= Presbyterian paraphrases =

Traditional Presbyterian church songs

 For the linguistics definition, see paraphrase.
 For the paraphrases by Erasmus of the New Testament, see Paraphrases of Erasmus.
 For the medieval Biblical literary genre, see Biblical paraphrase.
Paraphrases are traditional forms of singing within Presbyterian churches. They are biblical paraphrases: lyrical renderings of sections of the Bible that have been set to music, in a similar fashion to metrical psalms.

==Usage==
Within a Presbyterian Hymnbook, the Paraphrases are usually printed in a separate section from Psalms and Hymns. Within the Church Hymnary Revised Edition of the Presbyterian Hymnbook there are 67 Paraphrases. The Irish Presbyterian Hymnbook (2004) includes 66 Paraphrases along with 150 Psalms of the Irish Psalter and a further 669 hymns and song.
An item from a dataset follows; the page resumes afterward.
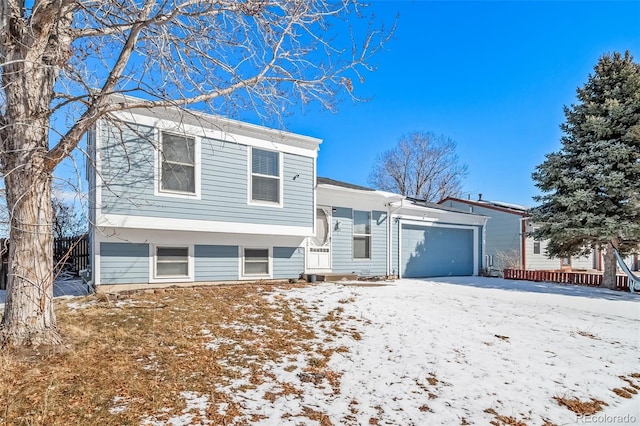 tri-level home with an attached garage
Traditional churches generally sing a Paraphrase, a Psalm and a number of hymns within worship.

In recent decades many congregations have moved from traditional Paraphrases to modern settings of Bible passages to music, in the same way that modern settings of Psalms are often used. This is due to the often archaic language that the Metrical Psalms and Paraphrases use.